Facing Doubts

The end of the PhD can be an anxious time. If you’re worried, or unsure, or feel like an impostor, then you’re the person who needs to take action.

You don’t have to face everything alone, but you do have to face it. Don’t forget that there are people around you that you can ask for help. If you don’t need help then figure out what you’re going to do, and get it done.

Doubting if you’re ready isn’t enough. Thinking about why you have doubts isn’t enough. You have to work your way out of the situation.

Don’t Panic!!!

Don’t panic during your prep or in the viva.

Don’t do it. De-list it as an option. It’s not on the table.

Find something that looks like a mistake in your thesis? Don’t panic. What can you do instead?

Examiner asks an odd question? Don’t panic. What can you do instead?

Examiner makes a critical comment? Don’t panic. What can you do instead?

If you weren’t allowed to panic, what would you do instead?

Dreaded Questions

What do you not want to talk about in the viva? What topics or questions do you dread?

Hoping they won’t come up won’t help. You have to engage with them somehow in your prep, otherwise you’re walking towards the viva with a big worry strapped to your back.

Consider the opposite: what do you want to talk about in the viva? What are you hoping your examiners will ask?
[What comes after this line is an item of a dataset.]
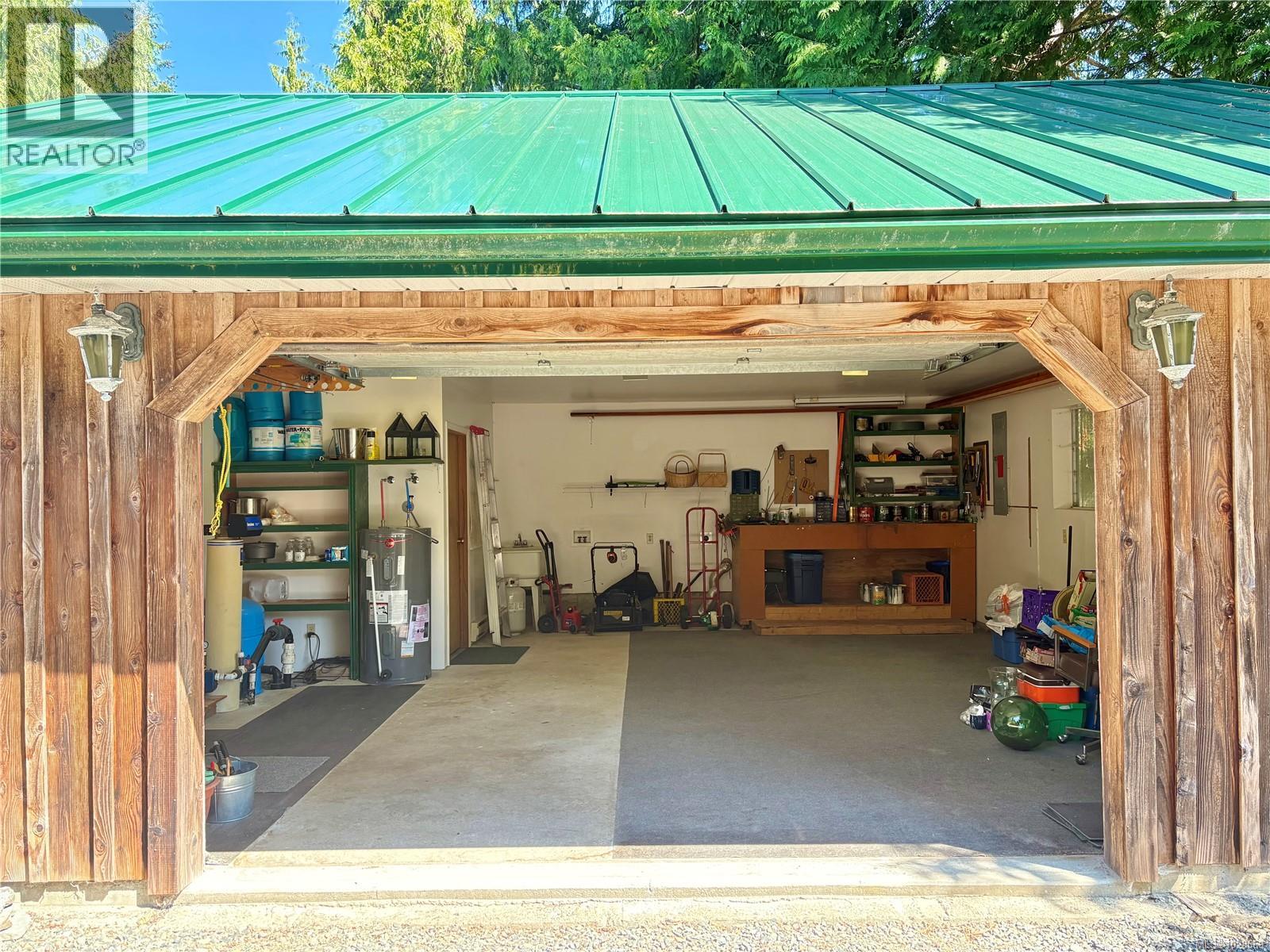 1655 Baikie Rd, Denman Island, British Columbia  V0R 1T0 - Photo 24 - 1028669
Reflect a little on the topics you want to talk about. What makes them that way? Work to make the topics you dread more like that. How can you improve your understanding of something? Can you get a friend or your supervisor to ask you questions? Can you write something that will help you unpick an idea?

It’s not enough to know what you hope won’t come up in the viva. You have to then figure out what you’re going to do as a result.

A Lack of Confidence

I often write about looking for ways to boost or find confidence. I’m not sure I’ve wondered too much about why someone might have a lack of confidence on the blog, except for mentioning surface level things like “what if my mind goes blank?”

For a long time before, during and after my PhD I would be hyper-nervous on any occasion I would have to speak in public. Eventually that went away, through a lot of practice. But at the root was a worry that people would judge me somehow, not like me or what I had to say.

Where did that come from?

In my dim and distant memory I remember being in a play as a teenager, to an audience of mostly teenagers, and no-one liking it. A really different kind of situation to the situations in my PhD and afterwards. Somehow different anxieties had tied together over the years.

It’s freeing to remember it now. I’m older, more rational, and can look on it differently: I can think about what it means, what I can do about it. I still get nervous, like anyone does, but thinking about where those worries came from has helped me to do something about them.

If you feel nervous or anxious about any aspect of the viva, then don’t look first for things to boost your confidence. Search instead for what might be at the root. What is causing you to doubt? What is holding you back? What does it mean?

What are you going to do?

Negatives

Anxiety and negativity crop up around the viva. There are lots of unhelpful associations. If you have negative thoughts then it’s important to take a step back:

  • Make a list, get it all out in the open, what are you really thinking about here?
  • Next, for each thing on the list, is there something you can actually do? (for example, you can ask friends to help you unpick possible objections to your work, but you can’t find everything you’ve never thought about before!)
  • Finally, make a list of concrete steps to take to reduce the impact of things you can do something about.

There’s no sense in worrying about things you can’t alter. And there’s no sense in only worrying about things that you can work on.

Be clear about which is which, and then you’ll see what you can do.